The residual method subtracts atmospheric energy transport from the radiation budget requirement for total ocean plus atmosphere energy transport to determine ocean heat transport as a residual. Previously this method was applied to zonal averages. New studies have derived spatial patterns of atmosphere-surface heat flux by subtracting atmospheric energy flux divergence from the net radiation at the top of the atmosphere. Such patterns exhibit substantial and unrealistic annually averaged heat fluxes over the land but the patterns of heat flux over the oceans appear realistic. Masking the land to consider only these air-sea heat fluxes yields ocean heat transports in broad agreement with existing direct estimates of ocean heat transport. Dipole patterns of heat gain and heat loss over land topography, however, suggest that refinements in atmospheric energy transport are still needed.

The bulk formula method for determining air-sea heat exchange from marine observations has been used to produce several new global air-sea flux climatologies. Depressingly, each exhibits an overall global imbalance such that on average the ocean gains heat at a rate of 30 to 50 W m-2. There is evidence that spatially uniform corrections are not appropriate. Refinement of the air-sea fluxes will require accurate area-averaged estimates of ocean heat flux divergence over a variety of oceanic regions and additional buoy measurements of air-sea heat exchange in inhospitable subpolar and polar regions.

Making direct estimates of ocean heat transport from transoceanic sections in each ocean basin was a primary objective in designing the World Ocean Circulation Experiment (WOCE) field programme. While many zonal hydrographic sections were taken during WOCE, there are only a few published estimates of heat transport from WOCE sections to date. Most of the recent estimates are for the Atlantic Ocean, for which there is general agreement that there is northward ocean heat transport at all latitudes. There is also general understanding that this northward heat transport is associated with the thermohaline circulation in which North Atlantic Deep Water is formed in the polar and subpolar North Atlantic and subsequently flows southward throughout the Atlantic. For the Pacific and Indian oceans, analyses of pre-WOCE transoceanic sections have concentrated on estimating the heat fluxes across the southern boundary at approximately 30°S. There is general confusion in that there appears to be only a small poleward heat transport across 30°S out of the Pacific Ocean and the estimates of poleward heat transport across 30°S in the Indian Ocean range from 0.4 to 1.3 PW. Uncertainty in the size of the Indonesian Throughflow clouds the determination of ocean heat transports across 30°S in the Indian and Pacific Oceans.

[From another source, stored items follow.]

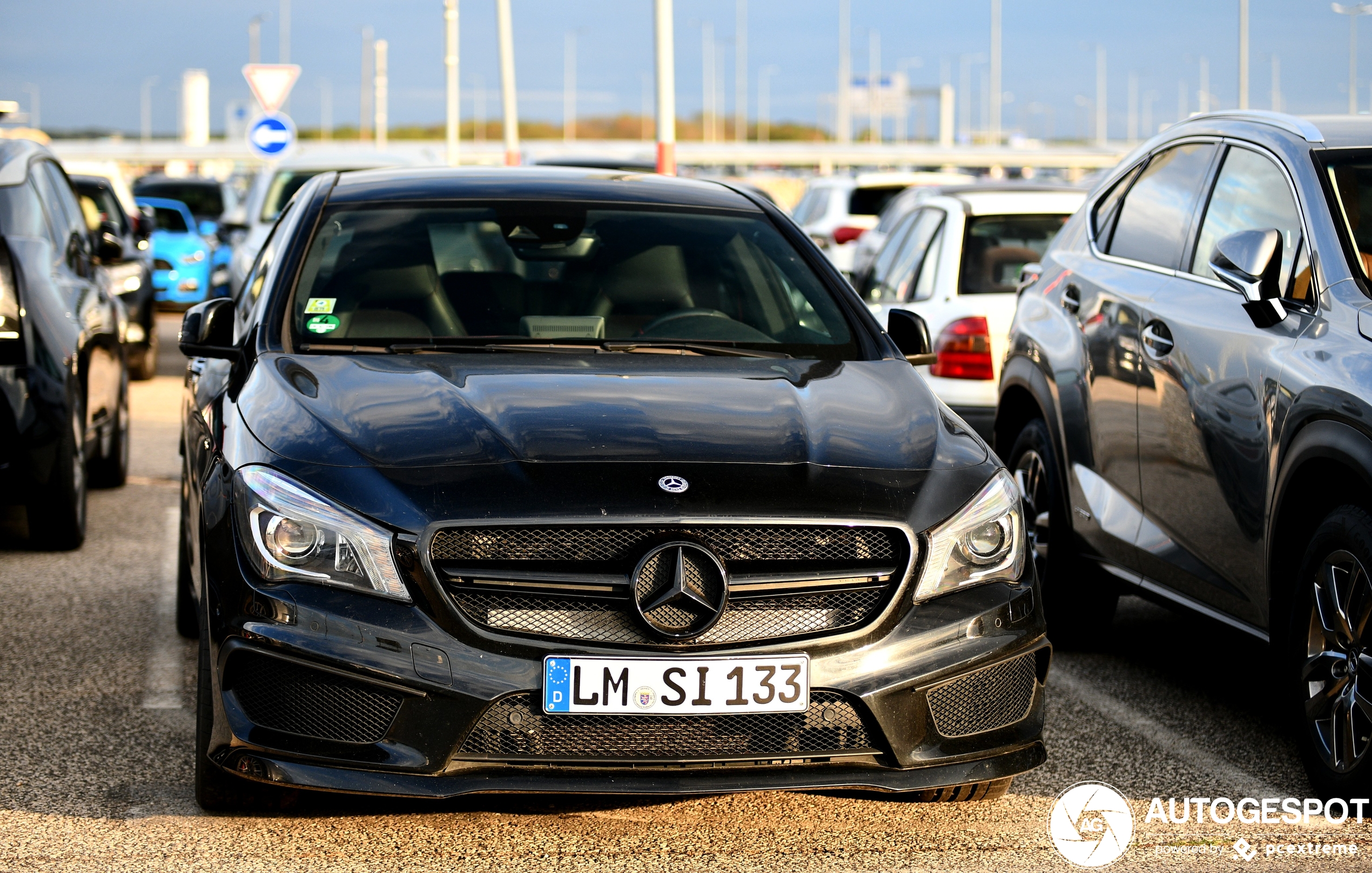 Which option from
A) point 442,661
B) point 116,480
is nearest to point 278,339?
point 442,661

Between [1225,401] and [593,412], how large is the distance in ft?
5.97

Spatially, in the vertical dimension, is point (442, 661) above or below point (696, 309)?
below

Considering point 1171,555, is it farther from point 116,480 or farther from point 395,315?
point 116,480

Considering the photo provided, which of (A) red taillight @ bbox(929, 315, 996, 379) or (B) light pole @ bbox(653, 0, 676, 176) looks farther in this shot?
(B) light pole @ bbox(653, 0, 676, 176)

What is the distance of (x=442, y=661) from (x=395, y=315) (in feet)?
5.38

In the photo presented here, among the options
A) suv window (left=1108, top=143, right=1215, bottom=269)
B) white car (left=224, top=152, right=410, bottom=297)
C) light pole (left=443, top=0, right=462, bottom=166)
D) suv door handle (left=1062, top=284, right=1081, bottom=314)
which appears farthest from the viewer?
light pole (left=443, top=0, right=462, bottom=166)

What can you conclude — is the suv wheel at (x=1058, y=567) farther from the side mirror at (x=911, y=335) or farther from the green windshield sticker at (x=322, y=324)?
the green windshield sticker at (x=322, y=324)

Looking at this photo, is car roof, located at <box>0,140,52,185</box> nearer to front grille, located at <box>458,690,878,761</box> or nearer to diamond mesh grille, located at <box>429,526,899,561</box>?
diamond mesh grille, located at <box>429,526,899,561</box>

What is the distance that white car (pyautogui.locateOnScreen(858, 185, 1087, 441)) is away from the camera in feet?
28.4

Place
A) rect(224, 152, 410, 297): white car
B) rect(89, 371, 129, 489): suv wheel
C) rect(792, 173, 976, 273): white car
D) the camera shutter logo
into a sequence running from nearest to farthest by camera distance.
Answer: the camera shutter logo
rect(89, 371, 129, 489): suv wheel
rect(224, 152, 410, 297): white car
rect(792, 173, 976, 273): white car

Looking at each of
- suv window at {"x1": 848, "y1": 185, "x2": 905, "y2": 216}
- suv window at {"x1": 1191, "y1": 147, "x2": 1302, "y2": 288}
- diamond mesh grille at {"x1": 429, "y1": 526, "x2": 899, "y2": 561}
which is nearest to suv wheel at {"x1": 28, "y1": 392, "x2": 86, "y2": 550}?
diamond mesh grille at {"x1": 429, "y1": 526, "x2": 899, "y2": 561}

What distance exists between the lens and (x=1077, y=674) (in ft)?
19.6

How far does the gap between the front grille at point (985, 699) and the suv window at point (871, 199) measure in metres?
17.3

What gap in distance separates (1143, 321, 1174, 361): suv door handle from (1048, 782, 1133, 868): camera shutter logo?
135 centimetres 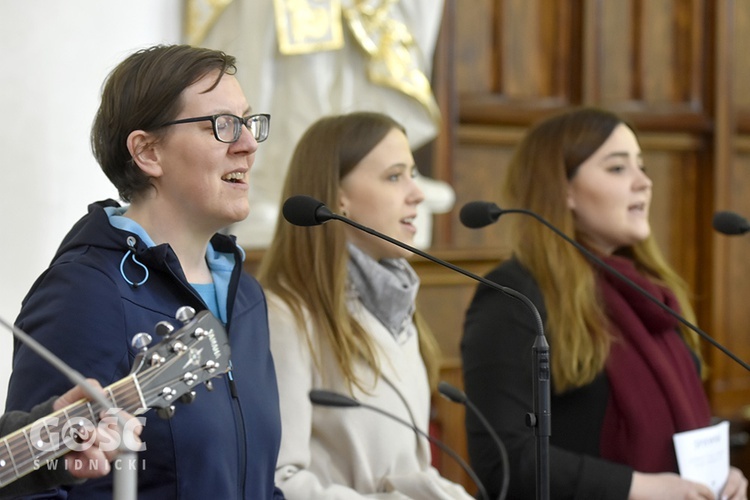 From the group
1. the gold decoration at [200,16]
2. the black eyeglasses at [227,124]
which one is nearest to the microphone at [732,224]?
the black eyeglasses at [227,124]

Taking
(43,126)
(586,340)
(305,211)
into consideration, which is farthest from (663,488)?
(43,126)

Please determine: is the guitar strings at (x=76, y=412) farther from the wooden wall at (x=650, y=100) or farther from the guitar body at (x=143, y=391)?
the wooden wall at (x=650, y=100)

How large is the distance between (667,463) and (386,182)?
98 centimetres

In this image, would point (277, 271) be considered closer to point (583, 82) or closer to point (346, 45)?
point (346, 45)

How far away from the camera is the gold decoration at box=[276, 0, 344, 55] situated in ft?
11.3

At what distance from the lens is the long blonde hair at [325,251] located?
91.7 inches

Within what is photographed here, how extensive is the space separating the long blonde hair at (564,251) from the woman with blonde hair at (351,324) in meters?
0.35

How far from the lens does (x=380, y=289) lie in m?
2.42

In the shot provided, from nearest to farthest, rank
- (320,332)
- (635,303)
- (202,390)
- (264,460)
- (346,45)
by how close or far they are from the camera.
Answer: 1. (202,390)
2. (264,460)
3. (320,332)
4. (635,303)
5. (346,45)

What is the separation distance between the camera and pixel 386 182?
2467 mm

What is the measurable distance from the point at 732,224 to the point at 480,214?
596 millimetres

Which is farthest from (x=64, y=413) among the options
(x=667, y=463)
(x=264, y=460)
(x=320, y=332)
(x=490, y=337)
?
(x=667, y=463)

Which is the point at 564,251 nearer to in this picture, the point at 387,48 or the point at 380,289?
the point at 380,289

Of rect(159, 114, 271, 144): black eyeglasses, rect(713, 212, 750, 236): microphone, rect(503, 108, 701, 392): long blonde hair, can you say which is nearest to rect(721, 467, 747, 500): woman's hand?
rect(503, 108, 701, 392): long blonde hair
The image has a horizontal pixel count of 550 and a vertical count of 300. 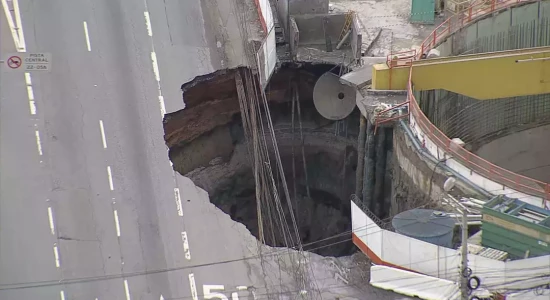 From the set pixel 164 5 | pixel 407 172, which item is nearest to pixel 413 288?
pixel 407 172

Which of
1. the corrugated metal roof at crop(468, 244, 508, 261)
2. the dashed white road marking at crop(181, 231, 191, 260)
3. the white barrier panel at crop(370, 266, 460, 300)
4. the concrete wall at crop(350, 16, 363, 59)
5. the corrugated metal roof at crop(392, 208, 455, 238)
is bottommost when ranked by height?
the white barrier panel at crop(370, 266, 460, 300)

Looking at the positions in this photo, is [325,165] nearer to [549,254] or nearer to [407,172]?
[407,172]

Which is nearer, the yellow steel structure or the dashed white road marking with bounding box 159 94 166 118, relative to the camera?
the yellow steel structure

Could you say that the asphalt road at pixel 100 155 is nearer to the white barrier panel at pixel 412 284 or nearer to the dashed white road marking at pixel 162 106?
the dashed white road marking at pixel 162 106

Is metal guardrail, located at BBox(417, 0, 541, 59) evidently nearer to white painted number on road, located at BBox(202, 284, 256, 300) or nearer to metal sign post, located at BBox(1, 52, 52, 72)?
white painted number on road, located at BBox(202, 284, 256, 300)

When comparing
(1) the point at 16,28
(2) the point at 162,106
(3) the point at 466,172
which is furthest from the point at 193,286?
(1) the point at 16,28

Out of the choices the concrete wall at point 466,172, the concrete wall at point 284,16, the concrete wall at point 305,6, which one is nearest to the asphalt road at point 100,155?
the concrete wall at point 284,16

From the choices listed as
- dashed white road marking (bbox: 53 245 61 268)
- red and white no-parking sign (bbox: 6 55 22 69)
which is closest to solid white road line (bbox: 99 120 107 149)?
red and white no-parking sign (bbox: 6 55 22 69) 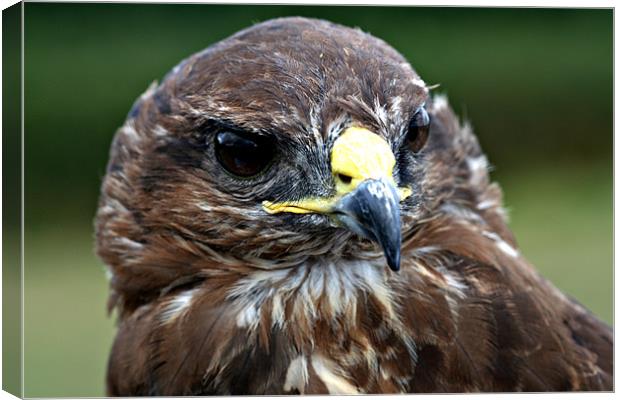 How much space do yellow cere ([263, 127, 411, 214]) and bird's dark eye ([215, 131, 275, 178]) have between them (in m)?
0.15

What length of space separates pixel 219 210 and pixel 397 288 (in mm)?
444

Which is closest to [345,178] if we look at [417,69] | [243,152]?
[243,152]

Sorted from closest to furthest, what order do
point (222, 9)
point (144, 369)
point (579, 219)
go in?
point (144, 369) < point (222, 9) < point (579, 219)

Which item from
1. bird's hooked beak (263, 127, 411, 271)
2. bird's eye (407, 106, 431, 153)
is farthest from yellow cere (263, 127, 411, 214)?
bird's eye (407, 106, 431, 153)

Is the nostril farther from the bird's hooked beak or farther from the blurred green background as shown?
the blurred green background

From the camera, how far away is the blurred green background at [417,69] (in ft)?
9.25

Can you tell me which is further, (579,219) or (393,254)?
(579,219)

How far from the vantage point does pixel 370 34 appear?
8.18ft

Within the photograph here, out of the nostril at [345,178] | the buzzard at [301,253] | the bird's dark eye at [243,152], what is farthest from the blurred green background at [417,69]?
the nostril at [345,178]

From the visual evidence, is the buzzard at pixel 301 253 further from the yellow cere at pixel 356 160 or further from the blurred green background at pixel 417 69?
the blurred green background at pixel 417 69

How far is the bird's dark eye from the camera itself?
2.18m

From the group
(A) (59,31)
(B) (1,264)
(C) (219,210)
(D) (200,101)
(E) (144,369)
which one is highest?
(A) (59,31)

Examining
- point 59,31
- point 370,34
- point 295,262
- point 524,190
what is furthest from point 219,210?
point 524,190

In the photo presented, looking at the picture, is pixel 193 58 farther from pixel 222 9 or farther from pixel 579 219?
pixel 579 219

A variety of new measurements were made during WOCE with the aim of providing accurate reference velocities for geostrophic calculations. Such new measurements include satellite altimeter measurements of sea surface height, direct current measurements by underway and lowered acoustic Doppler current (ADCP) profilers, by surface drifters and subsurface floats, and a variety of geochemical tracer measurements. Because experience suggests that measurements of western boundary currents provide the strongest constraints to estimates of ocean heat transport, careful analysis of WOCE observations of shallow and deep boundary currents in the Pacific, Indian and Atlantic Oceans likely holds the key to direct determinations of ocean heat transport in each ocean basin and the subsequent understanding of the role of the oceans in maintaining the global heat balance.